━━ PROVIDED MATERIAL ━━

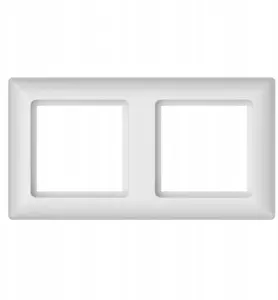 Düwi Varia Double Frame, White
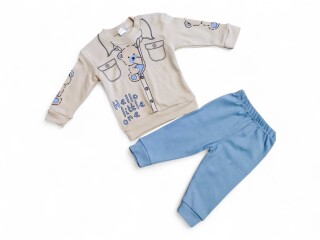 35600 блакитний реглан-штани, 4 (6-24), <strong>6</strong>, демісезон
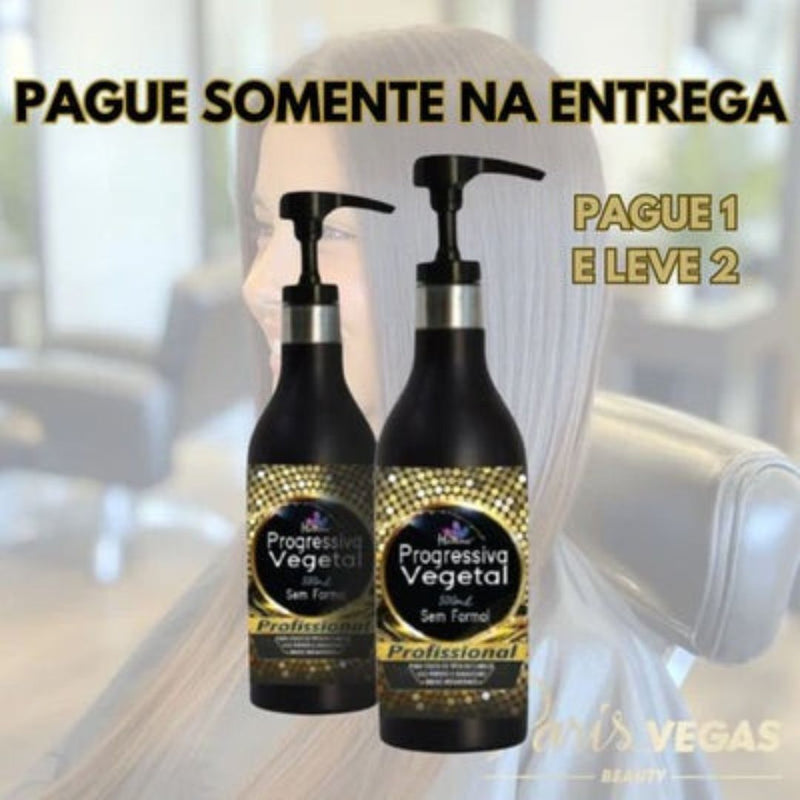 COMPRE 1 E LEVE 2 - Progressiva Vegetal - PAGAMENTO NA ENTREGA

━━━

**WHAT IS NEEDED:** Skip the images and set down the rest of the data unchanged.

**REPLY TO THE TASK:**
 Düwi Varia Double Frame, White
 35600 блакитний реглан-штани, 4 (6-24), <strong>6</strong>, демісезон
 COMPRE 1 E LEVE 2 - Progressiva Vegetal - PAGAMENTO NA ENTREGA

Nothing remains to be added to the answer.